__DATASET SECTION__:
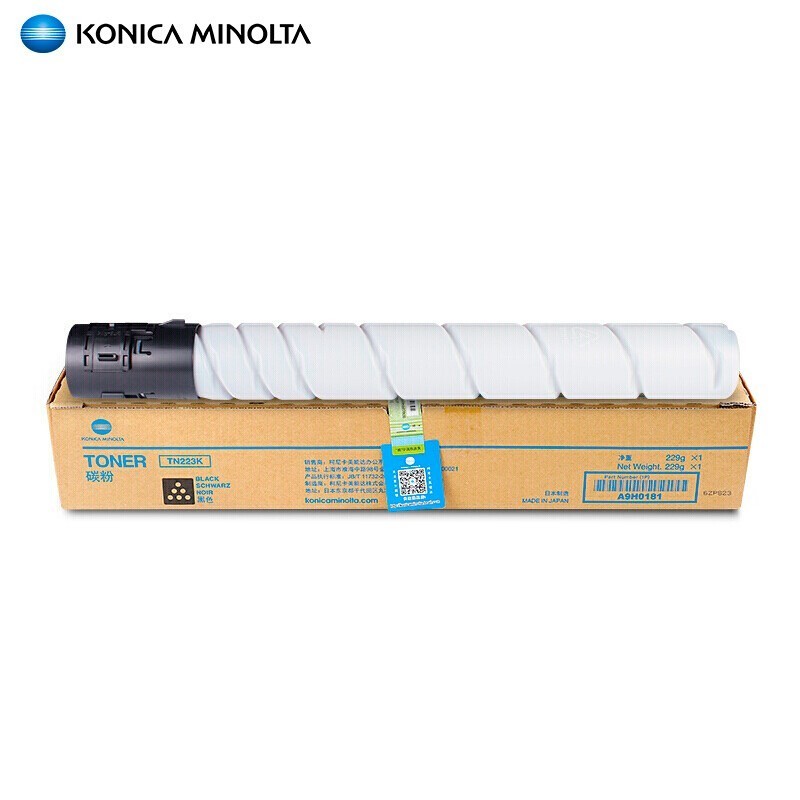 柯尼卡美能达 原装粉盒TN223K黑色碳粉 高容 适用C226/C266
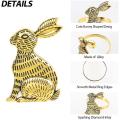 Rabbit Napkin Ring Set Of 6 for Easter Party Banquet Table Decoration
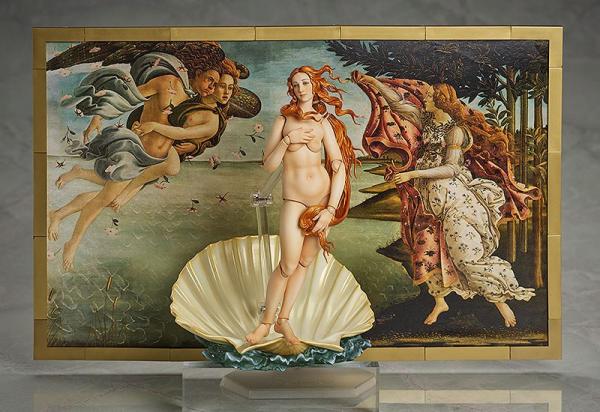 The Table Museum Figma Action Figure The Birth of Venus by Botticelli 15 cm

__YOUR ASSIGNMENT__: Word for word, reproduce all the data, but not the pictures.

__RESULT OF THIS TASK__:
 柯尼卡美能达 原装粉盒TN223K黑色碳粉 高容 适用C226/C266
 Rabbit Napkin Ring Set Of 6 for Easter Party Banquet Table Decoration
 The Table Museum Figma Action Figure The Birth of Venus by Botticelli 15 cm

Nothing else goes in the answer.